Critically, the immune system never works in silos. Affecting one compartment, say, activating CD8+ T cells, inevitably impacts other immune cells: regulatory T cells, NK cells, myeloid populations. Flow cytometry’s multiplexed, systems-level view lets you see those interconnected effects rather than looking at the immune system through a keyhole.
These aren’t abstract questions. They drive go/no-go decisions, dose selection, patient recruitment, and ultimately whether a drug makes it to approval.
Three types of flow cytometry
Not all cytometry is the same. There are three main platforms, and each brings different strengths depending on the application.

Conventional flow cytometry is the most widely used and longest-established platform. It uses fluorophore-conjugated antibodies and optical detectors with bandpass filters to capture the emission peaks of each fluorophore. Instruments like the BD Fortessa and Thermo Fisher Attune are standard in both clinical and research labs. Conventional flow typically handles panels of up to 10 to 15 markers, and for most clinical trial applications, especially with well-defined panels targeting specific immune subsets, it’s sufficient. It also has the deepest regulatory track record, which matters when data needs to support submissions.
Spectral flow cytometry is a newer evolution that’s rapidly gaining traction. Instead of using discrete bandpass filters, spectral instruments capture the full emission spectrum of each fluorophore and use mathematical ‘unmixing’ algorithms to separate overlapping signals. This approach allows significantly higher-parameter panels. 30 or more markers per tube is achievable without the compensation headaches (although there are still challenges with unmixing) that come with pushing conventional instruments to their limits. The Cytek Aurora, Northern Lights, and BD SE Symphony platforms are the primary spectral instruments in the field. Spectral cytometry is especially valuable when you want deep immune phenotyping from limited sample volumes, which is often the reality in clinical trials.

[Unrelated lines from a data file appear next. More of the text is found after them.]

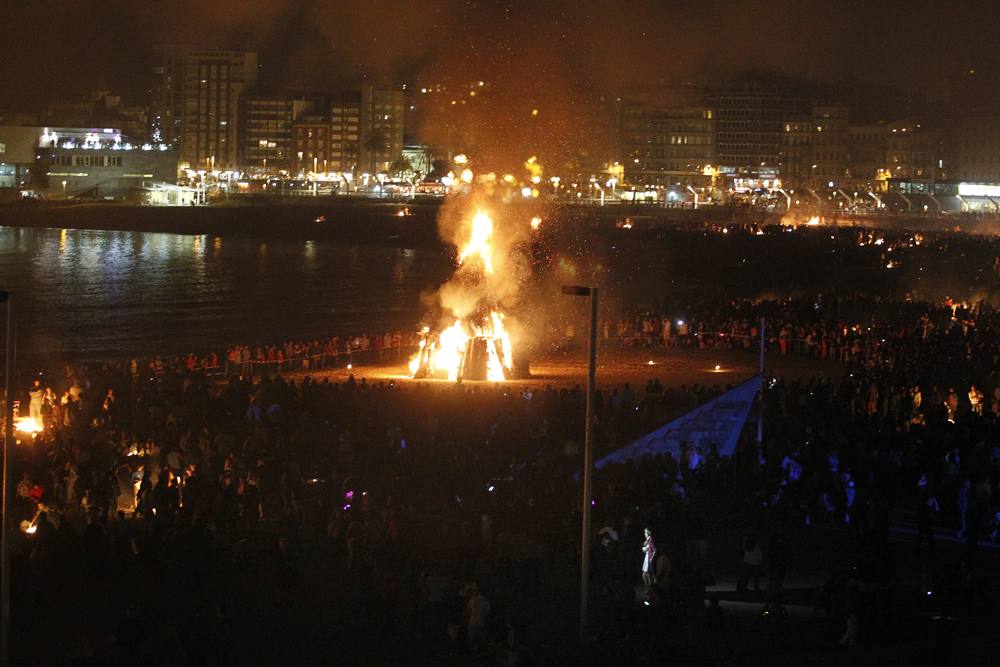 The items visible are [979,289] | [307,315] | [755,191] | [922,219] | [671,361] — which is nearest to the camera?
[671,361]

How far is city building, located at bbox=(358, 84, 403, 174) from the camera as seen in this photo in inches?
7269

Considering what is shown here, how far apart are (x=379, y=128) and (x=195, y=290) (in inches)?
4744

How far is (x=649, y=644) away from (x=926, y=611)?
8.75ft

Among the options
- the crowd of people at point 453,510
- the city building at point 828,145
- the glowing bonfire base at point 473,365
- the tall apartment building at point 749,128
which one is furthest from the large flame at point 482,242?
the tall apartment building at point 749,128

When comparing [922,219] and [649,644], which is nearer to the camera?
[649,644]

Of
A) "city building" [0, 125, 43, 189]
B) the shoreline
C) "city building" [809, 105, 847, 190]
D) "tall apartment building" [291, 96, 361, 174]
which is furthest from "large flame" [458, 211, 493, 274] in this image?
"tall apartment building" [291, 96, 361, 174]

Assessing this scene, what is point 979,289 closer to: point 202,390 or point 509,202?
point 509,202

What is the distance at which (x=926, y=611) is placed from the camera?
10.8m

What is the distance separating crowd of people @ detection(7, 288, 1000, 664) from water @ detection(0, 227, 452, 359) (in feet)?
86.0

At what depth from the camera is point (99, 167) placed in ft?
477

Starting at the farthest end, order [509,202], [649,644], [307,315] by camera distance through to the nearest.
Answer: [307,315] → [509,202] → [649,644]

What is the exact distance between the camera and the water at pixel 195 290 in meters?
48.9

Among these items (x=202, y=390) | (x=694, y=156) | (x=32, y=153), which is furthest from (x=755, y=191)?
(x=202, y=390)

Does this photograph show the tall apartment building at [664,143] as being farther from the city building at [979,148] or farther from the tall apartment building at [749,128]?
the city building at [979,148] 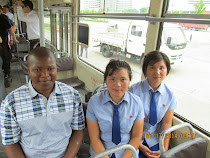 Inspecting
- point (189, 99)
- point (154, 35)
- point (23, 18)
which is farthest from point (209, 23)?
point (23, 18)

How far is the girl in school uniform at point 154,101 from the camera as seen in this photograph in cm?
168

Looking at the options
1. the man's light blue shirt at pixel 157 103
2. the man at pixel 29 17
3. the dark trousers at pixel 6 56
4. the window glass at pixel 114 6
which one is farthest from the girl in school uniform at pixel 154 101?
the dark trousers at pixel 6 56

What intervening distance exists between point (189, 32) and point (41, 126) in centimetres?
185

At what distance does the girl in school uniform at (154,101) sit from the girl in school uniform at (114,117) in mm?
307

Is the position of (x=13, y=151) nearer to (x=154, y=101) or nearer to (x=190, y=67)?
(x=154, y=101)

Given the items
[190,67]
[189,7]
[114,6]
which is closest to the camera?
[189,7]

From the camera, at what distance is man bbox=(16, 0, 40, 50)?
12.9ft

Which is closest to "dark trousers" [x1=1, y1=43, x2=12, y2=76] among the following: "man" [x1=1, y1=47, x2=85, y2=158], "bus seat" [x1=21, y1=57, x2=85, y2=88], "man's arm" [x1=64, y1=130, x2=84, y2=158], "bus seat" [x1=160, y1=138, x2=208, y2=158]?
"bus seat" [x1=21, y1=57, x2=85, y2=88]

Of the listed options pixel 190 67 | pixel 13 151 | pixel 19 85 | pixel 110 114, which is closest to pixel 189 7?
pixel 190 67

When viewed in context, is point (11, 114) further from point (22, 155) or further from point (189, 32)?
point (189, 32)

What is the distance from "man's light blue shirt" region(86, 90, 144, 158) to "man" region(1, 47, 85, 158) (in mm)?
152

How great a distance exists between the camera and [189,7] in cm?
192

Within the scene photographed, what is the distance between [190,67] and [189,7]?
697 millimetres

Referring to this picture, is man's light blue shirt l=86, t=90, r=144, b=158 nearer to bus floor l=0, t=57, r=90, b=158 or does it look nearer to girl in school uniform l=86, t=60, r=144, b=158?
girl in school uniform l=86, t=60, r=144, b=158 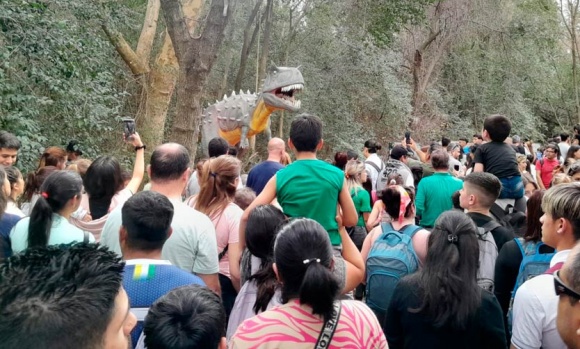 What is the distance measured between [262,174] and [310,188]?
1.68 m

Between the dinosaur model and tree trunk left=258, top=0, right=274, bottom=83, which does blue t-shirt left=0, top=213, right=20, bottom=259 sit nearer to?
the dinosaur model

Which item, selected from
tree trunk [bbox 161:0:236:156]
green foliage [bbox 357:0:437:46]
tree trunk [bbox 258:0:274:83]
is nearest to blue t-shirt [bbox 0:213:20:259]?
tree trunk [bbox 161:0:236:156]

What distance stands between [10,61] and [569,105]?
96.9ft

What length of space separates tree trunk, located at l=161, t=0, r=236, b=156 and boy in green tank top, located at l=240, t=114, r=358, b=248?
4.03 m

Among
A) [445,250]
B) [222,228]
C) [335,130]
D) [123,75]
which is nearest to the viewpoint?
[445,250]

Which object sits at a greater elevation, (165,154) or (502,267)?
(165,154)

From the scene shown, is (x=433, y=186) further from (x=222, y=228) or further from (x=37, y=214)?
(x=37, y=214)

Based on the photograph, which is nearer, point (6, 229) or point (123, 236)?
point (123, 236)

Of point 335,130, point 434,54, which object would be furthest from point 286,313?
point 434,54

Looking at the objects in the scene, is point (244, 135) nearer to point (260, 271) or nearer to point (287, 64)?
point (287, 64)

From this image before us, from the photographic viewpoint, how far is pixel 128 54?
41.0 feet

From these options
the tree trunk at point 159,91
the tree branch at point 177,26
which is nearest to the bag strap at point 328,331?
the tree branch at point 177,26

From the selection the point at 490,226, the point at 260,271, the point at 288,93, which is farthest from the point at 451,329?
the point at 288,93

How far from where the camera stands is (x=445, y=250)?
9.52 ft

Mass cytometry (CyTOF) takes a fundamentally different approach. Instead of fluorescent labels, it uses heavy metal isotope–tagged antibodies and a time-of-flight (TOF) mass spectrometer to detect them. Because metal isotopes have virtually no signal overlap, panels of 40 to 50 or more markers are achievable with minimal interference between channels. Instruments like the Standard BioTools (formerly Fluidigm) Helios and CyTOF XT are the standard platforms. Mass cytometry is particularly well-suited for deep immunophenotyping where maximum parameter depth is absolutely critical to understand a drug’s mechanism of action, and to cast the widest net for discovering biomarkers that predict patient outcomes.
Each platform has its place, and the right choice depends on the trial design, the questions being asked, and the practical constraints of sample volume, turnaround time, and regulatory requirements.
The bottom line
Flow cytometry is one of the most powerful and versatile tools available for understanding the immune system at the single-cell level. It’s been refined over decades, it operates at the protein level where biology actually happens, and it scales from basic research to large, multi-site clinical trials. It’s timely, quantitative, multiplexed, and biologically direct.
If you’re building a trial that involves immunology endpoints (mechanism of action, target engagement, biomarker discovery, pharmacodynamics), flow cytometry is very likely already part of the picture. Understanding what flow cytometry does, what it requires, and how it provides rich information on not just a part, but the whole immune system, is the first step toward getting it right.